Мой балет - страница 24



После Айседора приезжала в Россию в 1907, 1909 годах, потом – в 1911 и 1914-м и затем – в 1917 году. Дункан писала в Россию письма, полные симпатии к Советской России, к революции и большевикам. Она выражала надежду в который раз открыть свою школу. И в 1921 году Айседора получила долгожданный ответ: «…Одно только советское правительство может Вас понять. Приезжайте, мы создадим вашу школу».

Конечно, Дункан собралась в Россию. Она уже немолода, погрузнела, ее сценическая карьера подошла к закату. Наверное, для ее стиля существования на сцене юность и легкость тела восполняли отсутствие профессионализма и были ключом к сердцам зрителей. Хотя дух ее по-прежнему был творческим и горел, но форму, конечно, зритель хотел видеть другую. Итак, Айседора в России: «Я шагнула на палубу, покинув свое прошлое, без платья. Хотелось жить в красной блузе среди товарищей в идеальном государстве коммунизма. Сердце трепетало от радости – вот он, новый мир, он уже создан. Мое творчество и жизнь станут частицей прекрасного будущего». С этой патетики началась самая тяжелая пора ее жизни. Жизнь пошла по нисходящей, и как трагично то, что она этого не понимала или не хотела понимать. Символично, что написанная ею книга «Моя жизнь» заканчивается именно на этом периоде. Дальнейшее нам известно уже не из ее воспоминаний.

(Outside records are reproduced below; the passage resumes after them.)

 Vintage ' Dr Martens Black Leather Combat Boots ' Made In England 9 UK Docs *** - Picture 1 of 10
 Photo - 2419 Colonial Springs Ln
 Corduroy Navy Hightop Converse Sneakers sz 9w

В Москву Дункан приехала вместе с приемной дочерью и ученицей Ирмой Эрих-Гримм. Их никто не встретил, и они сами добрались до гостиницы «Савой». Оттуда позвонили Луначарскому, а нарком просвещения знал Айседору-танцовщицу, когда она была еще юной. По распоряжению Луначарского ей нашли пристанище в доме гастролирующей тогда балерины Екатерины Гельцер. При встрече Луначарский увидел перед собой женщину, которая много пережила. Она пополнела, стала красить волосы, поседевшие после смерти детей, в темно-рыжий цвет, но у нее по-прежнему были фаянсово-голубые, очень наивные, ласковые глаза. Она уверяла, что ей ничего не нужно, что она готова есть хлеб и воду, и говорила: «Дайте мне тысячу детей из пролетарских семей, и я сделаю из них настоящих людей. Все мои надежды на революцию, на товарищей. Ничего, что вы бедны и что вокруг голод. Мы будем танцевать!» Слезы лились потоком из ее глаз, когда она это говорила, но школа все-таки состоялась. Дункан набрала пятьдесят девочек из неимущих семей, Луначарский нашел для нее особняк на Пречистенке, а действительность Айседора начала воспринимать как безостановочный карнавал. Она носила шинель и платок, включила в свои программы «Интернационал» и «Марсельезу» и заявляла, что коммунисткой она была с детства. Она била себя в грудь и кричала: «Я – Красная, Красная!», и гордилась букетом цветов, который прислал ей Ленин.

Думаю, что для детей того голодного времени ее школа была каким-то островком красоты и гармонии. Они хотя бы не слушали ужасные разгульные уличные песни, а пытались понять музыку Шопена и Бетховена. Может быть, в этом было спасение.

Когда Айседора впервые выступила на сцене Большого театра с оркестром, которым дирижировал Голованов, это был невероятный успех. Учениц ее школы стали трогательно называть «дунканятами». Сама она практически уже не танцевала, а скорее мимировала под музыку Бетховена и Чайковского, и из зала раздавались крики: «Айседора, живи у нас! Танцуй с нами!»

Да, мечта Айседоры – школа – осуществилась, но денег опять катастрофически не хватало. Советское правительство недолго пеклось об этой школе. В Москве было жить тяжело, и Дункан решила уехать в Европу, чтобы заработать на содержание своих «дунканят». И именно в этот момент в ее жизни появляется серьезный повод, чтобы остаться: им стал русский поэт Сергей Есенин.